A existência histórica de uma lacuna entre as instituições públicas e a sociedade, além da relativização dos direitos mais comezinhos da personalidade humana, também, tem ensejado a construção criativa de estratégias alternativas para a elaboração e consecução de políticas públicas que efetivamente possam atender as necessidades vitais básicas das pessoas que se encontram numa situação mais tendente ao abandono e restrição de seus direitos fundamentais.

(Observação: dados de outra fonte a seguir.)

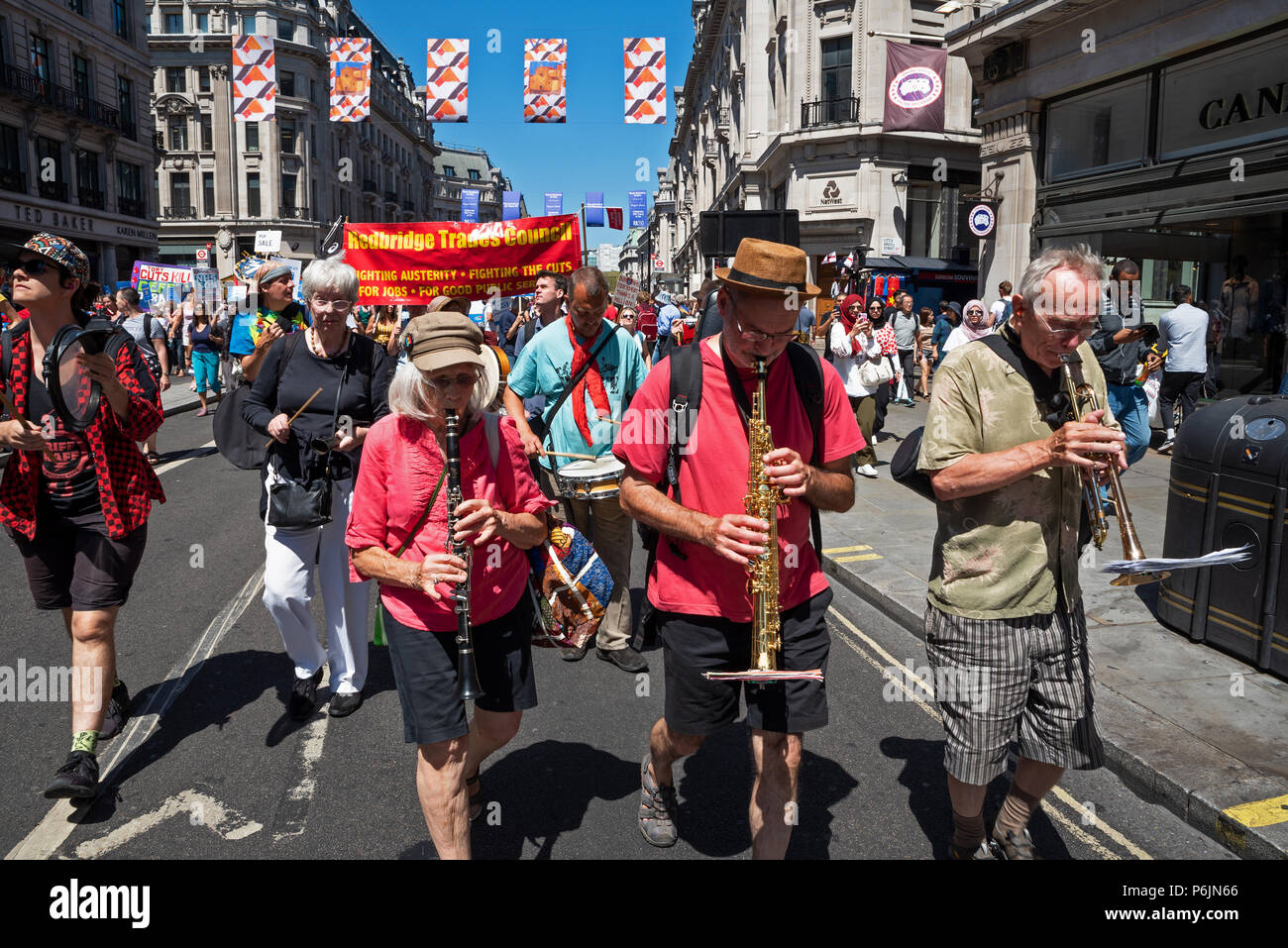 Londres, Royaume-Uni. 30 juin 2018. NHS 70 mars sur Downing Street. Des dizaines de milliers réunis par la BBC à Portland Place et ont défilé dans le centre de Londres pour marquer le 70e anniversaire du Service national de santé. Ils faisaient campagne pour mettre fin aux coupures, à la privatisation, et pour assurer la crédibilité de l'aide financière. La marche et un rassemblement a été organisé par l'Assemblée du peuple contre l'austérité, campagnes de santé ensemble, TUC et les syndicats du service de santé. Crédit : Stephen Bell/Alamy Live News. Banque D'Images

Os direitos fundamentais objetivados no sistema jurídico brasileiro são decorrentes mesmo da adoção (re)alinhamento de orientações internacionais próprias dos Direitos Humanos, quando, então, na constituinte de 1987 e 1988, por opção política, reestruturou-se todo um sistema de direitos individuais e garantias fundamentais que orientassem vetorialmente a organização estatal e o atendimento funcional das demandas sociais. A humanização das relações sociais e, principalmente, dentre elas a jurídica exige antes de tudo uma participação efetiva da sociedade, enquanto liberdade pública e democrática, a qual, também, por si exige um espaço próprio, qual seja: o espaço público da palavra e da ação(2). Já se tem afirmado que as diversas instituições públicas e sociais e dentre elas particularmente a do Ministério Público estão por necessitar de uma maior visibilidade social e dizibilidade política, com o intuito precípuo de que possam efetivamente atender os interesses inerentes à própria constituição social plural e democrática, através da qual a pessoa humana tenha as condições mínimas para a sua superação subjetiva, individual e humanitária na construção de uma melhor qualidade de vida.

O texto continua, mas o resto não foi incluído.